- What to work on
Write out the listing from the line with "Dog Booster Seats" to the line with "Boğa Burcu Hediye", both lines included, exactly and nothing beyond. Leave pictures out.

- Records to process
Content starts
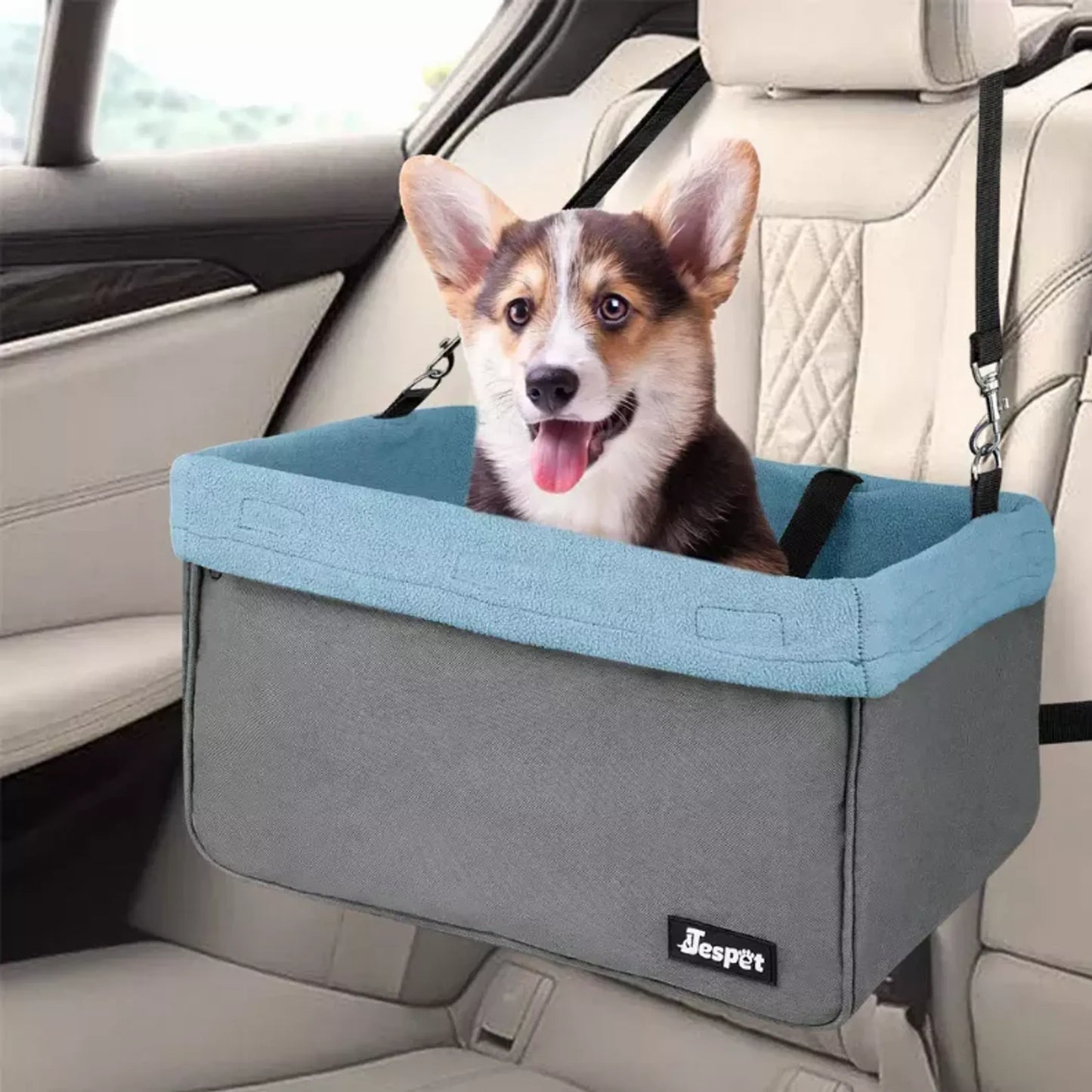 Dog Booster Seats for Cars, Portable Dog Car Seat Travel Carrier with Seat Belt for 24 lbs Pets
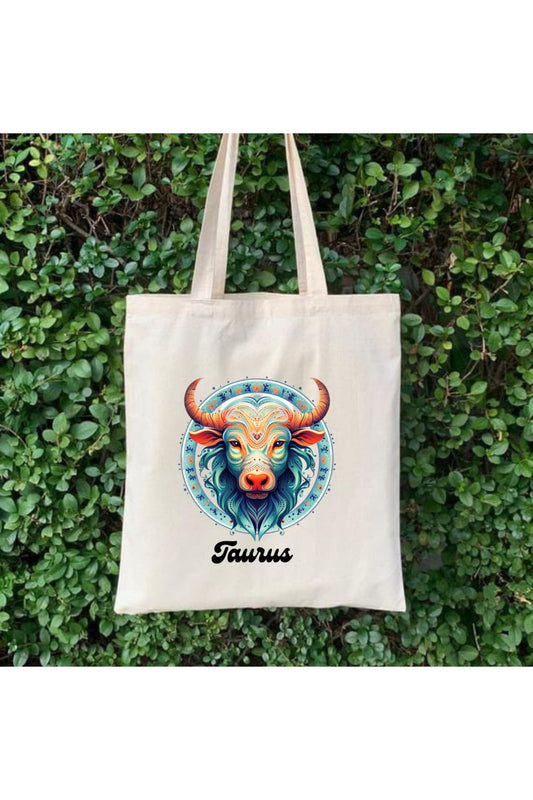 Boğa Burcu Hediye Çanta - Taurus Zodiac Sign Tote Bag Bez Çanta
Content ends
Content starts
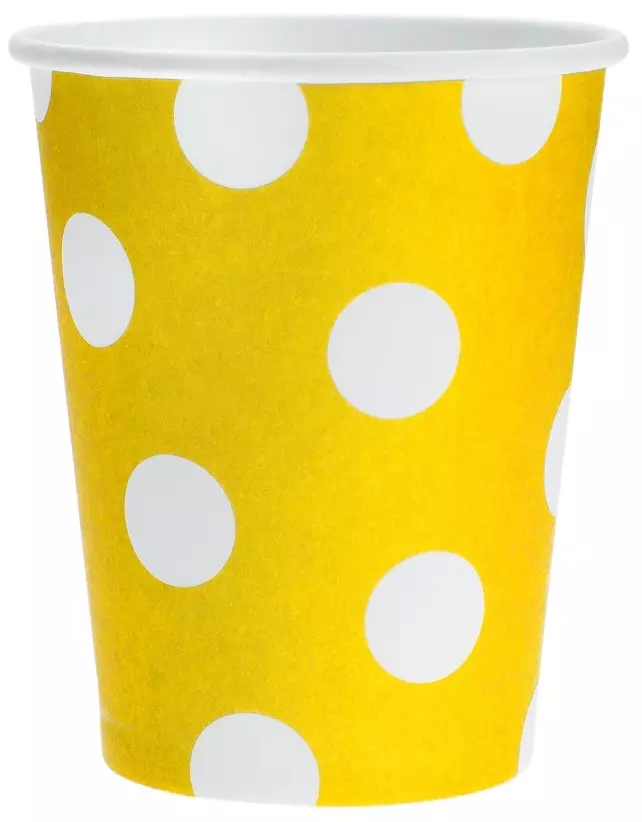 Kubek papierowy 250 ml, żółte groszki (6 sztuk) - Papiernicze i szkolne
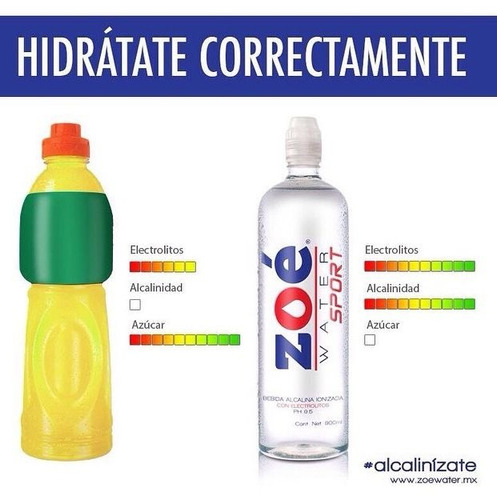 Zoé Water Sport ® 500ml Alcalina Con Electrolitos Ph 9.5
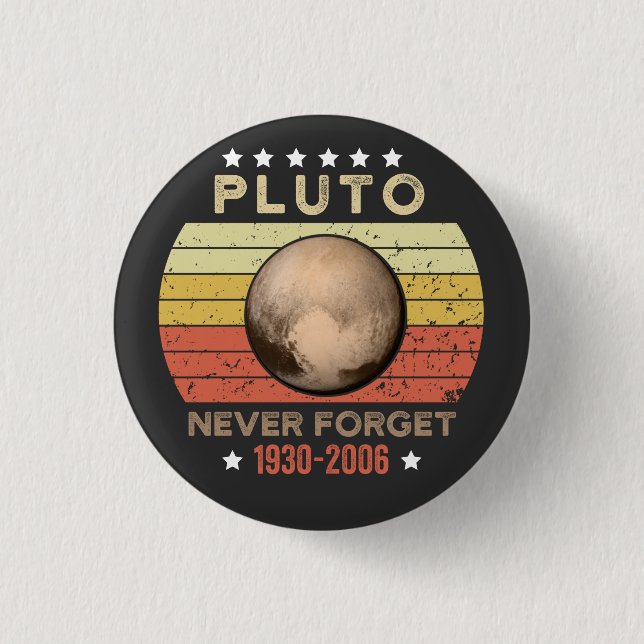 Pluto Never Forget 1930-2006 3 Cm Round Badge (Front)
Content ends
Content starts
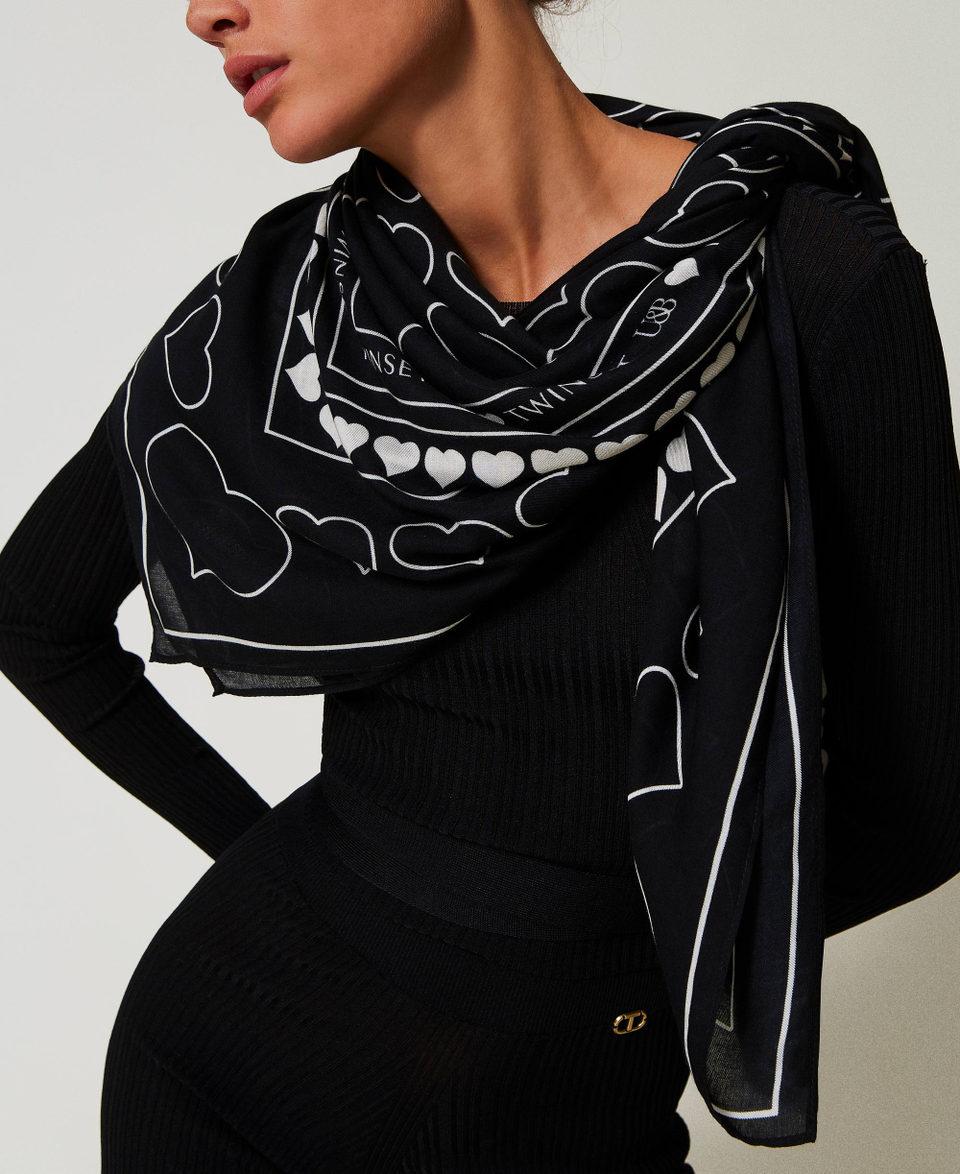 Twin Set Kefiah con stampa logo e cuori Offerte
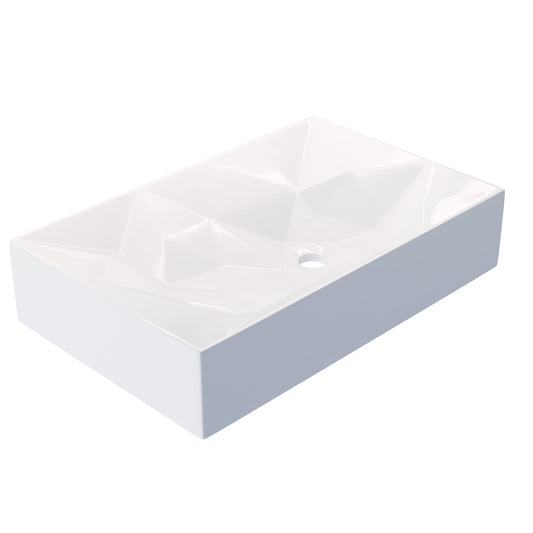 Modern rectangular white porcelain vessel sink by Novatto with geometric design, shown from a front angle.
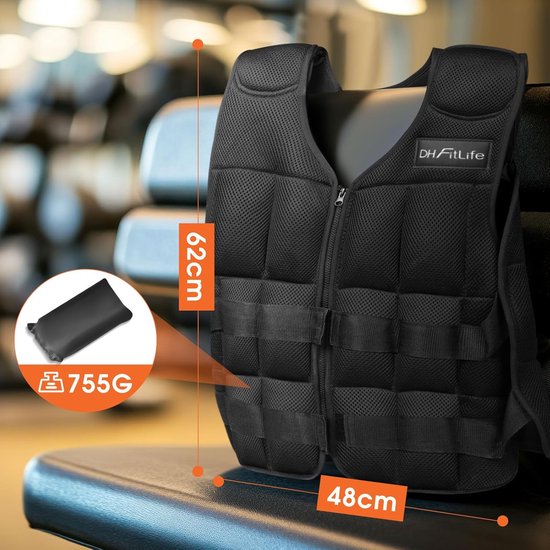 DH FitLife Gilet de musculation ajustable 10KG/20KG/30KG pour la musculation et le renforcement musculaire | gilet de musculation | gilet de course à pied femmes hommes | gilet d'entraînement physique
Content ends
- Solved exercise
 Dog Booster Seats for Cars, Portable Dog Car Seat Travel Carrier with Seat Belt for 24 lbs Pets
 Boğa Burcu Hediye Çanta - Taurus Zodiac Sign Tote Bag Bez Çanta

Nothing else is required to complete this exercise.